A distância de Santa Maria da Feira até São João da Madeira foi suficiente para afastar Marcelo de Passos, mas não foi suficiente para afastar o partido do candidato presidencial que se diz independente – o PSD apareceu por todo o lado neste domingo de campanha. Luís Montenegro, o líder parlamentar do partido, foi o primeiro dirigente de topo a ver-se na estrada. Além dos habituais líderes das distritais, ou um ou outro deputado eleito pelo distrito que têm feito parte das comitivas de campanha pelo país, este domingo o candidato social-democrata teve direito a uma enchente de sociais-democratas com responsabilidades, desde líderes de concelhias do PSD e do CDS, a elementos da JSD em Espinho, autarcas e ex-autarcas, até a um candidato autárquico que vai a votos no mesmo dia do candidato.

Coincidência? Talvez não. Marcelo sorriu, mas passou tanto tempo a usar as autárquicas intercalares de São João da Madeira como uma das justificações para que Passos Coelho, enquanto líder do partido, não aparecesse em campanha, que viu as autárquicas e presidenciais serem misturadas mesmo sem dar conta ou chegar perto. Foi mesmo no discurso de apoio ao presidente da Câmara recandidato, Ricardo Figueiredo, que Passos Coelho lembrou que deve ser Marcelo a ganhar. Tudo a bater certo, porque foi a “reafirmação da recomendação de voto que o partido tinha feito, agora assumida pelo líder”. Tudo a bater errado, porque Passos deixou desejos implícitos que Marcelo, se for eleito Presidente, não tem intenções de satisfazer:

“Cada partido luta, naturalmente, pelos seus princípios. O Presidente está cima, ao nível do interesse nacional. Isso muitas vezes agrada a um partido outras vezes não agrada e portanto é a vida. (…). Desde o início que disse que espero que corra bem este Governo, que possa cumprir a legislatura. Quer dizer que não entro com ideia de eleições antecipadas”, disse aos jornalistas em Santa Maria da Feira.

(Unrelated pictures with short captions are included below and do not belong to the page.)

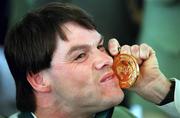 1 November 2000; Irish paralympian Gay Shelly, from Kilkenny, poses with his Boccia gold medal as the Ireland paralympic team return home to Dublin Airport from the 2000 Paralympic Games in Sydney, Australia. Photo by Brendan Moran/Sportsfile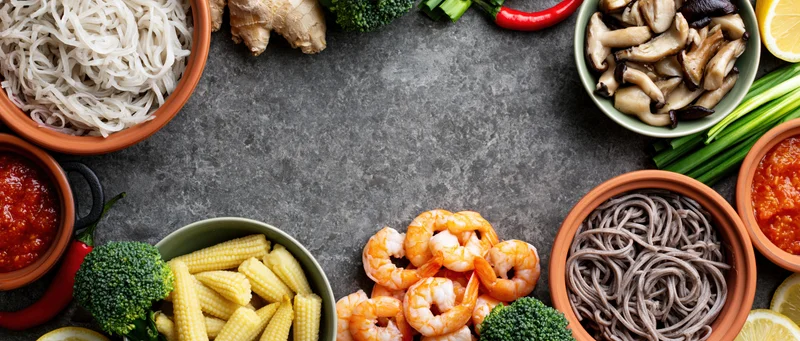 Asian cooking ingredients arranged around the border of a gray countertop with copyspace in center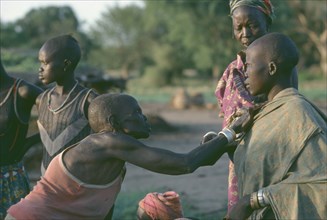 SUDAN, Rituals, Dinka blessing with oil.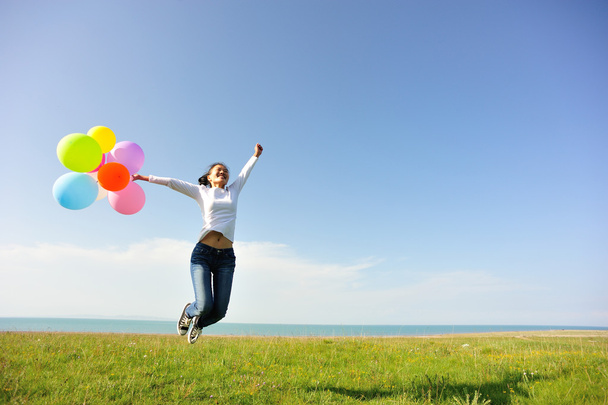 Young asian woman jumping on green grassland with colored balloons - Fotó, kép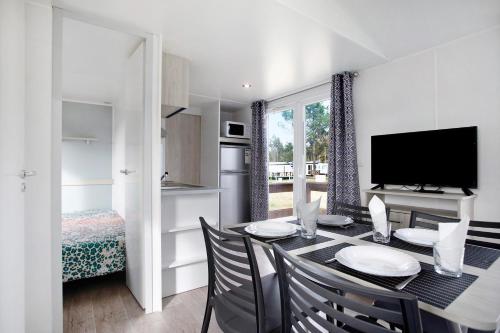 a dining room with a table with chairs and a television at Bungalow T2 I - 15 Min From Nazaré in Pataias
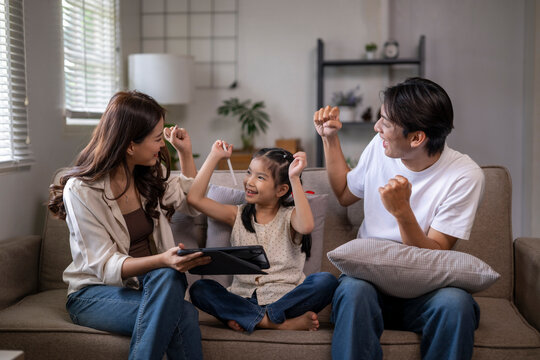 Asian family celebrating success playing game on tablet - Powered by Adobe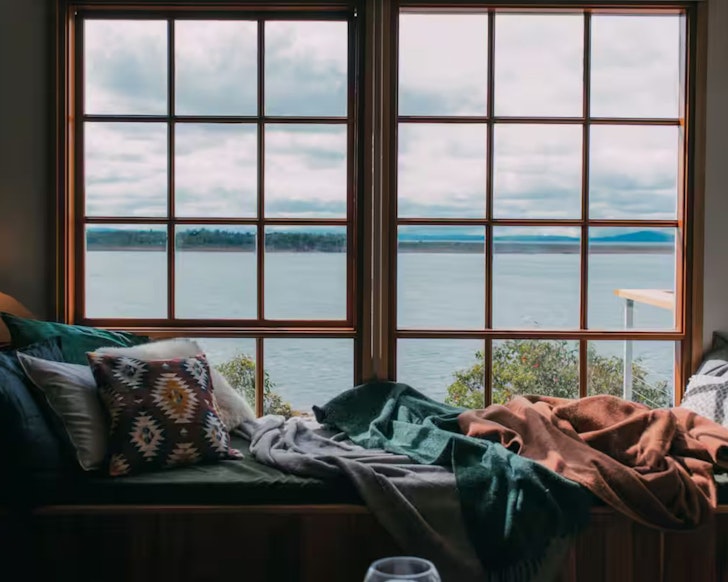 A view of the water out the window of Coldwater Cabin one of the best lake house Airbnbs Tasmania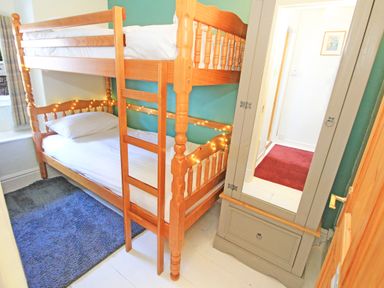 A small bedroom with wooden bunk beds a gray wardrobe with a mirror a blue rug and a window at Riverbank Cottage in Beddgelert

E o partido, que anda discreto mas visível nas ações de campanha, já se vai habituando à ideia que Marcelo quer passar que estará “acima dos partidos” e das “querelas partidárias”, como disse em Aveiro. Mas faz controlo da situação ao aparecer, dizer presente, apoiar e ainda garantir que não há ninguém chateado com o discurso mais à esquerda do candidato.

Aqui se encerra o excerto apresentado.